2. The auxiliary device for processing titanium electrode coating with an anion suppression type according to claim 1, characterized in that: The segmented heating mechanism (5) includes a placement rack (51), a mounting groove (52), and a ceramic heating tube (53); The protective shell (1) is equipped with a placement rack (51) located below the heat-conducting plate (3). The upper surface of the placement rack (51) is provided with mounting grooves (52) at equal intervals. The mounting grooves (52) are provided with ceramic heating tubes (53). The ceramic heating tubes (53) are electrically connected to the control cabinet (2) via wiring.

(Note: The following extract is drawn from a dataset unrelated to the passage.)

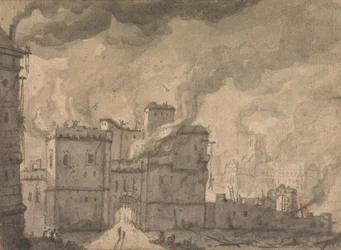 La prisión de Newgate, el incendio de Londres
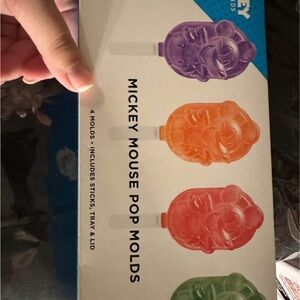 Williams Sonoma Mickey Mouse Pop Molds - Multicolor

3. The auxiliary device for processing titanium electrode coating with an anion suppression type according to claim 2, characterized in that: The mounting slot (52) is designed to be inclined.
4. The auxiliary device for processing titanium electrode coating with an anion suppression type according to claim 1, characterized in that: The temperature monitoring mechanism (6) includes a first thermocouple sensor (61) and a second thermocouple sensor (62); The protective shell (1) is symmetrically equipped with a first thermocouple sensor (61) on its inner wall. A second thermocouple sensor (62) connected to the inner wall of the protective shell (1) is provided on one side of the first thermocouple sensor (61). The first thermocouple sensor (61) is located above the heat-conducting plate (3), and the second thermocouple sensor (62) is located above the heat-conducting plate (3). The first thermocouple sensor (61) is electrically connected to the control cabinet (2) through a line, and the second thermocouple sensor (62) is electrically connected to the control cabinet (2) through a line.
5. The auxiliary device for processing titanium electrode coating with an anion suppression type according to claim 4, characterized in that: The temperature monitoring mechanism (6) also includes redundant sensors (63). A redundant sensor (63) is installed on the inner wall of the center of the heat-conducting plate (3), and the redundant sensor (63) is electrically connected to the control cabinet (2) via a circuit.
6. The auxiliary device for processing titanium electrode coating with an anion suppression type according to claim 1, characterized in that: Water-cooled coils (4) are symmetrically installed on the inner wall of the protective shell (1), and the water-cooled coils (4) are located above the temperature monitoring mechanism (6).
7. The auxiliary device for processing titanium electrode coating with an anion suppression type according to claim 6, characterized in that: Heat dissipation fins (7) are installed at equal intervals on the upper surface of the protective shell (1).